Er sieht die Petition als erledigt an, da auf Anfrage des Staatsministeriums für Umwelt am 22.10.2022 wegen eines Gesprächs bezüglich der Einleitung der Isar Anfang 2023 von Bundesebene mitgeteilt wurde, dass wegen beihilferechtlicher Auflagen der Europäischen Union (EU) vom Bund keine Eingriffe möglich seien.

Aufgrund der Zuständigkeit des Finanzministeriums wurde am 22.04.2023 Finanzminister Lindner dringend um Entscheidung gebeten. Von ihm wurde am 24.05.2023 ebenfalls bestätigt, dass die Rückführung aufgrund der Auflagen zum Wettbewerb und Beihilfevorschriften notwendig sei. Das bayerische Finanz- und Umweltministerium würden weiterhin das Heimfallrecht unter Beteiligung der Kommunen prüfen. Punkt 3 sei damit erfüllt. Verhandlungen laufen hier unter Ausschluss der Öffentlichkeit.

Bei Punkt 4 gebe es Zielkonflikte zwischen Umwelt und Wirtschaft. Hier seien Dialog und Kompromissfähigkeit gefragt. Der Freistatt prüft Überlegungen neu strukturierter Modell unter Beteiligung der Kommunen. Damit sei der Punkt erledigt.

Mitberichterstatter Ludwig Hartmann teilte unser Anliegen und würde ihm stattgeben. Er gab sich überzeugt, dass „wir die Besitzstruktur nach Bayern zurückholen werden“. Im Schreiben des Finanzministers Füracker vom 23.5.2023 wurde bestätigt, dass es keine diesbezügliche Beschlussfassung der Bayerischen Staatsregierung gibt.

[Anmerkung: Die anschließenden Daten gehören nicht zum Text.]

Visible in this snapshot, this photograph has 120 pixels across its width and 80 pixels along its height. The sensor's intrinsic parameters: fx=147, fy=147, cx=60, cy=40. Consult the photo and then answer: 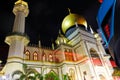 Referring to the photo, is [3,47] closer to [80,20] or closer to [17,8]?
[17,8]

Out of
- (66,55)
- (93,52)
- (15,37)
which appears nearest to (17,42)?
(15,37)

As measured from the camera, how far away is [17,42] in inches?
672

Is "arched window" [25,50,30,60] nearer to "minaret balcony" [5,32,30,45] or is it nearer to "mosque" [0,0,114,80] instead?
"mosque" [0,0,114,80]

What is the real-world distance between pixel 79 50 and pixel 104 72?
5287 millimetres

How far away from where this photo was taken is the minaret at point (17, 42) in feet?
50.8

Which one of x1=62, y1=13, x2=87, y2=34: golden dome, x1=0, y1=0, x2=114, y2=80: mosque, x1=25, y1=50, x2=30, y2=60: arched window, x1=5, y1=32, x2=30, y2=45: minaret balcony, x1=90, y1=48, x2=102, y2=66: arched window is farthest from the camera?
x1=62, y1=13, x2=87, y2=34: golden dome

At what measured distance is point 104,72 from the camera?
23516 mm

Der Abgeordnete Florian Ritter, SPD, dankte für die Petition und betonte, dass die Wasserkraftwerke das Rückgrat der Bayerischen Energieversorgung sind und in erheblichem Maß klimaneutrale Energie erzeugen. Er verwies auf den politischen Einfluss im Energiesektor, da dies ein Teil der öffentlichen Grundversorgung ist und die Initiative des Freistaats Bayern gefragt ist. Die Haltung des Bundes sei nachvollziehbar, da er aufgrund der europarechtlichen Vorschriften gebunden ist. Dagegen habe der Freistaat Bayern als Außenstehender die Chance, als Käufer in öffentlicher Unternehmensform aufzutreten.

Herr Bachhuber erklärte, dass Bundesfinanzministerium fordere aufgrund des Kartellrechts die schnellstmögliche Rückführung und sehe keine Grundlage für Gespräche. Die „Grüne Wasserkraft“ sei nur „Beifang“.

Die Grünen erläuterten konkret, was das heißt: bis auf 25% und 1 Aktie muss die Rückführung erfolgen. Nur der Bund muss raus, zu Bayern ist nichts gesagt. In Österreich gibt es seit 2009 ein Betreiberkonsortium, dass 51% in öffentlicher Hand hält, auch in Südtirol ist die Wasserkraft zurück in öffentlicher Hand der Kommunen. Der Abgeordnete Hartmann kritisierte, dass die Bayerische Staatsregierung nicht auf die Bundesregierung zugegangen ist. Jetzt bestünde die historische Chance, diesen Fehler zu korrigieren!

Der CSU-Abgeordnete Pohl bestand darauf, dass der Bund die Beteiligung reduzieren müsse, um hoheitliche Aufgaben zu bündeln.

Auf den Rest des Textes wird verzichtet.